**Work request:**
When the line with "The Town City" appears below, start repeating lines exactly, and keep going through the line with "Casual dressed young"; add nothing outside that span.

**Supplied data:**
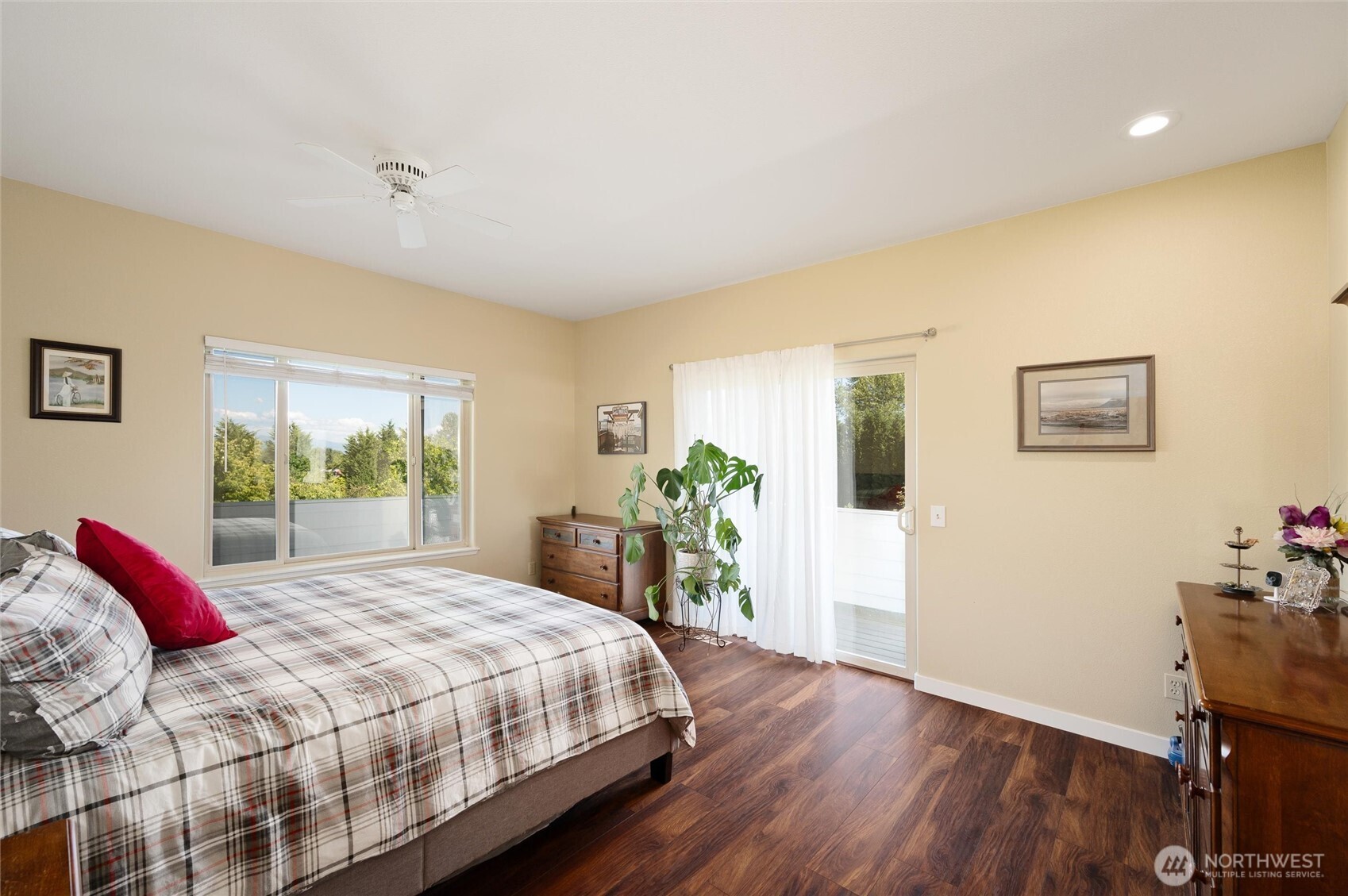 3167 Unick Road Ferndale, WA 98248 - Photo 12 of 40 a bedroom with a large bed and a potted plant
---
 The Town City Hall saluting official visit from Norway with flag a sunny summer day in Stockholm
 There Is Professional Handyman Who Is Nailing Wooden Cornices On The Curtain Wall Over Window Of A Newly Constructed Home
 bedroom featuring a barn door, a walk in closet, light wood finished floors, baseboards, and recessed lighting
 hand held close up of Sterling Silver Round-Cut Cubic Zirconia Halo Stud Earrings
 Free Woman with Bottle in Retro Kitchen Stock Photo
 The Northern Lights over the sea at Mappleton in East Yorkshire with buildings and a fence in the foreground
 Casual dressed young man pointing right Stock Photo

**Result:**
 The Town City Hall saluting official visit from Norway with flag a sunny summer day in Stockholm
 There Is Professional Handyman Who Is Nailing Wooden Cornices On The Curtain Wall Over Window Of A Newly Constructed Home
 bedroom featuring a barn door, a walk in closet, light wood finished floors, baseboards, and recessed lighting
 hand held close up of Sterling Silver Round-Cut Cubic Zirconia Halo Stud Earrings
 Free Woman with Bottle in Retro Kitchen Stock Photo
 The Northern Lights over the sea at Mappleton in East Yorkshire with buildings and a fence in the foreground
 Casual dressed young man pointing right Stock Photo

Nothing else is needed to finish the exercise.